Gerry Henry

Personal information
- Full name: Gerald Robert Henry
- Date of birth: 5 October 1920
- Place of birth: Hemsworth, England
- Date of death: 1979 (aged 58–59)
- Height: 1.65 m (5 ft 5 in)
- Position(s): Midfielder

Senior career*
- Years: Team / Apps / (Gls)
- Outwood Stormcocks
- 1937–1947: Leeds United / 44 / (4)
- 1947–1950: Bradford Park Avenue / 79 / (31)
- 1950–1951: Sheffield Wednesday / 40 / (7)
- 1951–1953: Halifax Town / 24 / (3)

Managerial career
- 1951–1954: Halifax Town

= Gerry Henry =

English footballer and manager

Gerry Henry (5 October 1920 – 1979) was a professional footballer who played for Leeds United, Bradford Park Avenue, Sheffield Wednesday and Halifax Town.
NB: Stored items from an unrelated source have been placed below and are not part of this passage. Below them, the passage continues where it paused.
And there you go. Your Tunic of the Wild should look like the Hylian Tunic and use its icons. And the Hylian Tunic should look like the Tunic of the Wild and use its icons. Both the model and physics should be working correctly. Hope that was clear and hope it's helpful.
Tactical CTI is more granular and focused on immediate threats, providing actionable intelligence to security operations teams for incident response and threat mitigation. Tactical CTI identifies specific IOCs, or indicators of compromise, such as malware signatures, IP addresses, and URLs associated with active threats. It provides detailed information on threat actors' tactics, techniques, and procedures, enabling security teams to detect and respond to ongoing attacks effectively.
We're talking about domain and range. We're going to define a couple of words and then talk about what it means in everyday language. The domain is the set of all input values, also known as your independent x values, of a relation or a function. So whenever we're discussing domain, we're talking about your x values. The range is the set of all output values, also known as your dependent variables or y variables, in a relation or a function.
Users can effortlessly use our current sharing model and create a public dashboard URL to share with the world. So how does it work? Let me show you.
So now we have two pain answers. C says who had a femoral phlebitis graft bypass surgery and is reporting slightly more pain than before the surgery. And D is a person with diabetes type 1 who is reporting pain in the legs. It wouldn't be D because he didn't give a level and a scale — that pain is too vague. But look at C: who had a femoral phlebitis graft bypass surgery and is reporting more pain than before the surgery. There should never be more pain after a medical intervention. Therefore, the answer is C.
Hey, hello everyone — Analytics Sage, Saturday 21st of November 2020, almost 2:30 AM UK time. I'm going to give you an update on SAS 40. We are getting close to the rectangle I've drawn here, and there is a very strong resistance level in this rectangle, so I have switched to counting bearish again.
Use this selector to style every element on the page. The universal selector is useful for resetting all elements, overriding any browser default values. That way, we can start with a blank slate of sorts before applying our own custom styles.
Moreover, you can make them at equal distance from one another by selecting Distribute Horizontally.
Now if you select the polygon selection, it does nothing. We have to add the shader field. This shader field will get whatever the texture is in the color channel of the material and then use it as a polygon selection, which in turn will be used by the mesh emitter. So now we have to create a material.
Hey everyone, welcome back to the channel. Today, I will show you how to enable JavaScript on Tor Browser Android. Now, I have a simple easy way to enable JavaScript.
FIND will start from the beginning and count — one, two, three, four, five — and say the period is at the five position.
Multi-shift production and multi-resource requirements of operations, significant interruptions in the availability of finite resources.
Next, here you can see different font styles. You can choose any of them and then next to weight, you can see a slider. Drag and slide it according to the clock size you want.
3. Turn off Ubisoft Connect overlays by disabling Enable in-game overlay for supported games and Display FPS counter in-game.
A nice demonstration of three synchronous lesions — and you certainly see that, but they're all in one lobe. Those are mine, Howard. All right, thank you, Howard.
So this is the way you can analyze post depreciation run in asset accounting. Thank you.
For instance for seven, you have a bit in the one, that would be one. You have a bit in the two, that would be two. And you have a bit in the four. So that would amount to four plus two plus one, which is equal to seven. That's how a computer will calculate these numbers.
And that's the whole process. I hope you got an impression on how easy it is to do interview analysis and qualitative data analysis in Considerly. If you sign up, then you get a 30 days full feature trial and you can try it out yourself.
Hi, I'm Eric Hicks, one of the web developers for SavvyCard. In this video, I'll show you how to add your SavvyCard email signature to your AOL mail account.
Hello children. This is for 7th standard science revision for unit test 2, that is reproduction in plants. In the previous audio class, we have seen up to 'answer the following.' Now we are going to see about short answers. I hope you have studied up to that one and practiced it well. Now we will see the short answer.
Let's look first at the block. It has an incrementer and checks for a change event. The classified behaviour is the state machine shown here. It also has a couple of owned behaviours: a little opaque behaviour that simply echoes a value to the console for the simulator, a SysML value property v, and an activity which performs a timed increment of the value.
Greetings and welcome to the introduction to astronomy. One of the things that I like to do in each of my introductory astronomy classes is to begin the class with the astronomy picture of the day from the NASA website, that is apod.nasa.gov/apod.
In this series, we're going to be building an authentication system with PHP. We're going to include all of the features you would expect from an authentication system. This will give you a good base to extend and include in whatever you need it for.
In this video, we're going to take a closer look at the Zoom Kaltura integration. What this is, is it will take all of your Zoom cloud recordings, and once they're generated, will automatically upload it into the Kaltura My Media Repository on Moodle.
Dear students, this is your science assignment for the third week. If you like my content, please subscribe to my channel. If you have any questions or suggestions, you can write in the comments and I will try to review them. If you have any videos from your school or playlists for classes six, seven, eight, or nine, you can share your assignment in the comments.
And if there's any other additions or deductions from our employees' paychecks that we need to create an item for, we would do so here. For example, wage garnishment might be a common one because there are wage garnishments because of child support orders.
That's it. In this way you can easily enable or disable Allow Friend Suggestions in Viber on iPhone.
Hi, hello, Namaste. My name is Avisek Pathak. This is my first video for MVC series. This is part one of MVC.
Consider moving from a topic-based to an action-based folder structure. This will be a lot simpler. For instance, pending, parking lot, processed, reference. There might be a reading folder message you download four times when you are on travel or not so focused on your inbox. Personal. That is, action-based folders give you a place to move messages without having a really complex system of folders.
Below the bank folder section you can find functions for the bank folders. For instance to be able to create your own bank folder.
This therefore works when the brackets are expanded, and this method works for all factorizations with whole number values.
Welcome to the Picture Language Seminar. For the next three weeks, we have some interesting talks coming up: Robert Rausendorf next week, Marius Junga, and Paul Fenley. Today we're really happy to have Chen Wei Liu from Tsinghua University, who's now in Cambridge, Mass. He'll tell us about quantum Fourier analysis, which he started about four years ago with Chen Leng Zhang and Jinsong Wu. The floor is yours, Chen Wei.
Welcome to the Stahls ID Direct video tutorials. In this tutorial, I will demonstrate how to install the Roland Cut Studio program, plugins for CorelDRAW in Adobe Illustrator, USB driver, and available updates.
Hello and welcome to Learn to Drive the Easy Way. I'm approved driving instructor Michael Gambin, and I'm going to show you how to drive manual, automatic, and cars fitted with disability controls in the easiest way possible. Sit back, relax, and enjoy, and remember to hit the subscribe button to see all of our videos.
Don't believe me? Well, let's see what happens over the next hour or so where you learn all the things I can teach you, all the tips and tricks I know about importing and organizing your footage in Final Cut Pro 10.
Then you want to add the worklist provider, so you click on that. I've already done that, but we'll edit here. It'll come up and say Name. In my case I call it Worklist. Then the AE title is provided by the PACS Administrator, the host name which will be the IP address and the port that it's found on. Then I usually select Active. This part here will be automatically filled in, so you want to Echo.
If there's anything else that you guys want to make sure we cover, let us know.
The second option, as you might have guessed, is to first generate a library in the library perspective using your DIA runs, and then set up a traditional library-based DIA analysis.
Henry played for Yorkshire Schools in 1934 and went on to join Leeds United as a seventeen year old from local junior side Outwood Stormcocks. He made a couple of appearances for Leeds United before World War II interrupted his professional football career.

Henry continued playing for the Leeds United throughout the war in the Wartime League. He played 168 times in Wartime League games, scoring an impressive 93 goals, and scored 1 goal in 3 appearances in the Football League War Cup for Leeds. Henry holds the record for most wartime appearances for the club by an individual player. Wartime appearances and goals are typically not acknowledged as counting for career goals and appearance. Henry is one of only around 70 players that have made over 200 appearances for Leeds United if his wartime games are taken into account.

Henry later became player-coach at Halifax and then had a spell as player-manager 27 February 1952 until 15 October 1954. He ceased playing in June 1953.